ICE agents arrest 18 for drug trafficking in the stimulant khat

The U.S. Immigration and Customs Enforcement (ICE) has arrested 18 people of Somali and Yemeni descent, accusing them of drug trafficking and conspiracy to distribute of khat, a natural, plant-based stimulant. Khat, also known as “Miraa” and “Sallaa,” is consumed by chewing the leaves of a flowering plant known as Catha edulis.

While it is commonly consumed in Somalia, East Africa and the Middle East, khat contains a stimulant called cathinone, which is a Schedule I controlled substance under the federal Controlled Substances Act.
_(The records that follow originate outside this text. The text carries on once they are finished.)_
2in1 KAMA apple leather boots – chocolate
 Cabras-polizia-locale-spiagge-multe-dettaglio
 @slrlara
Although ICE was responsible for the arrests, none of the people arrested were in the U.S. illegally. Several of the accused are U.S. citizens, and the arrests occurred in Virginia, Maryland, New York and Ohio, according to the U.S. Attorney for Eastern Virginia, where the federal criminal case was filed.
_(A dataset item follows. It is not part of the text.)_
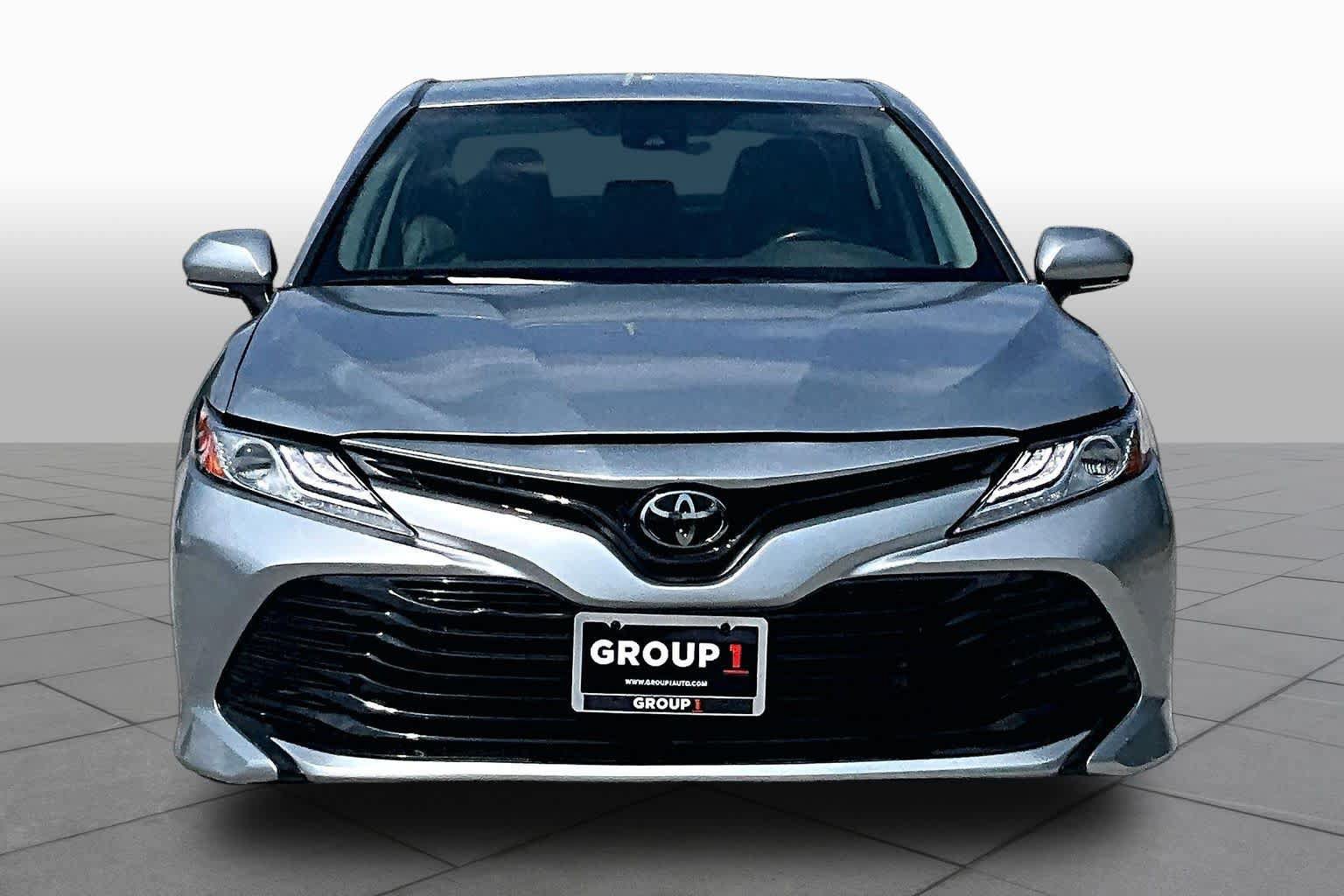 Used 2020 Toyota Camry XLE FWD image 4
According to an affidavit filed by ICE, the group is accused of trafficking more than 4,400 kilograms of khat, which is estimated to be worth approximately $2.64 million.
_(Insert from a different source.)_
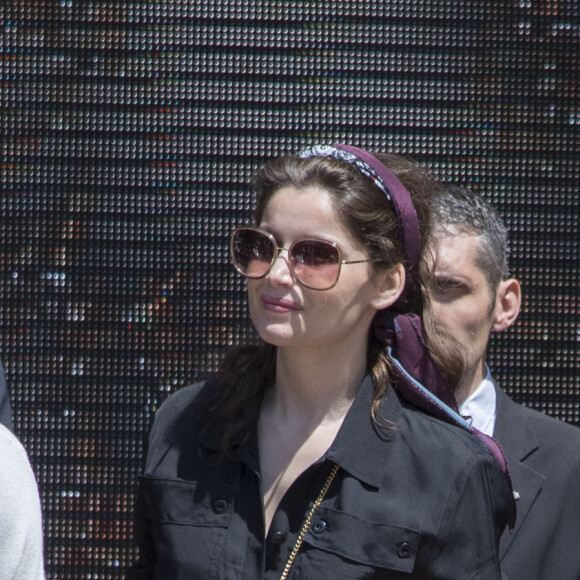 Exclusif - Laetitia Casta et son compagnon Louis Garrel vont prendre un verre au "Fouquets" Majestic à Cannes le 24 mai 2017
ICE began drug trafficking probe in 2009 after seizing khat at several U.S. airports

According to officials, an ICE agent suspected a connection between several khat seizures that had been made at a number of different airports across the United States, and the agency initiated an investigation. The probe resulted in the seizure of more than 800 packages sent through the U.S. Mail and express mail shippers such as FedEx and DHL. Each of the packages is said to have contained khat, and law enforcement believes they indicate a khat trafficking ring that had been in operation since 2005.

In addition to the mail and express shipments, prosecutors accuse the alleged leader of the group of arranging for people to smuggle khat into the U.S. from England, Canada and the Netherlands for approximately $1,000 per trip. They also accuse the man of suggesting that the substance be smuggled in children’s suitcases to avoid detection.

If the accused are convicted of drug trafficking and conspiracy, they could face up to 20 years in federal prison.